WHEREAS, Company and Purchaser entered into that certain Investment Agreement dated July 22, 2008 (the “Agreement”);
WHEREAS, Section 6.3 of the Agreement provides that no amendment or waiver of any provision of the Agreement will be effective with respect to any party unless made in writing and signed by an officer or duly authorized representative of such party;
WHEREAS, Company and Purchaser desire to amend the Agreement as set forth herein; and
WHEREAS, all capitalized terms used and not defined herein shall have the meanings ascribed to such terms in the Agreement.

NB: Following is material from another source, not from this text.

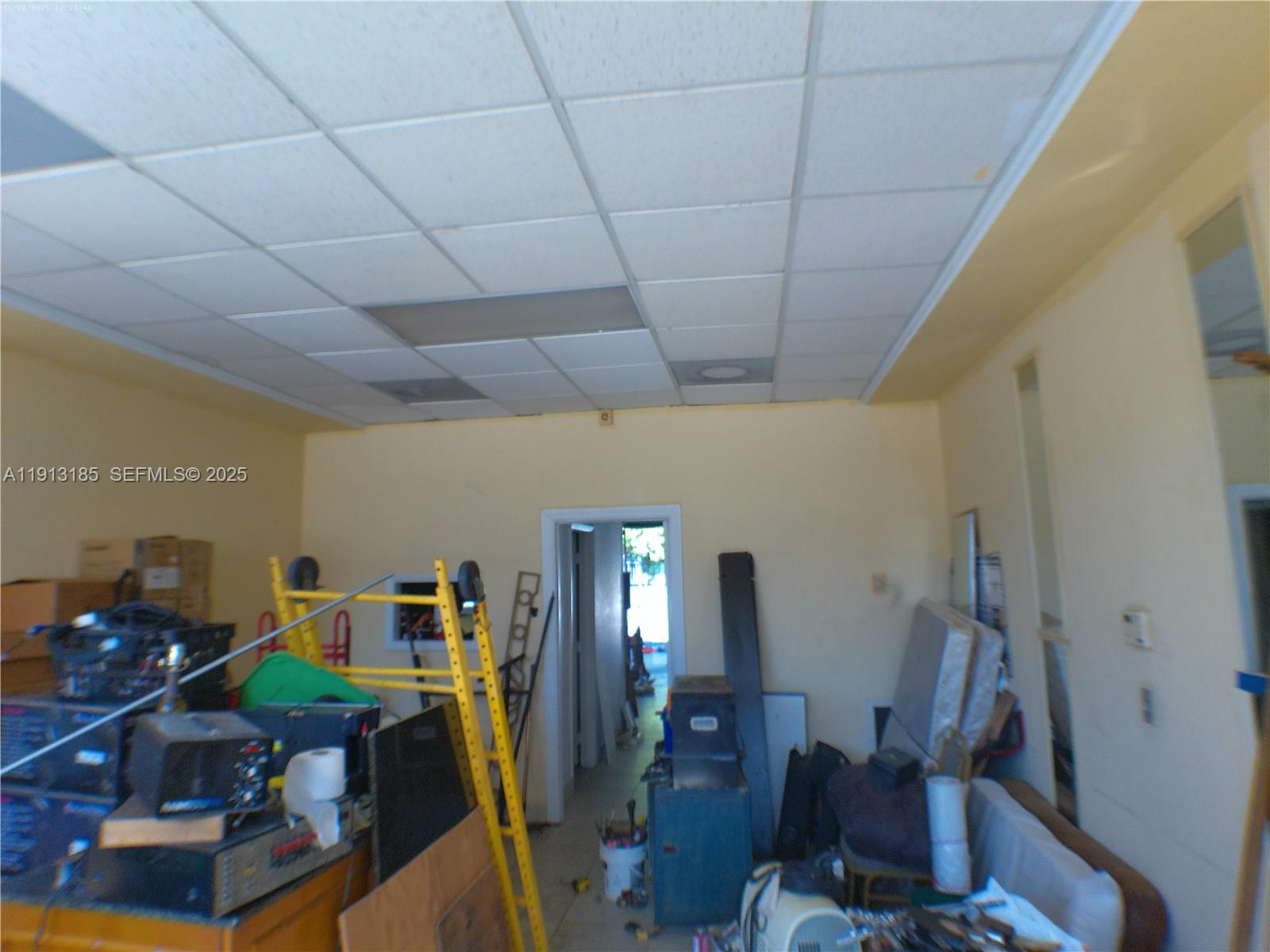 1051 Nw 119th Street Property Photo 10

NOW, THEREFORE, in consideration of the promises, and of the representations, warranties, covenants and agreements set forth herein and in the Agreement, the receipt and sufficiency of which are hereby acknowledged, the parties agree as follows:
1. | Section 4.2(a)(1) of the Agreement is hereby amended and restated in its entirety to read: |
“(1) at any time on or after December 31, 2009, Purchaser may Transfer any or all of the Securities owned by Purchaser from time to time; provided that any Transfers of Preferred Stock or Warrants shall also comply with the additional limitations set forth in Section 4.2(d); and”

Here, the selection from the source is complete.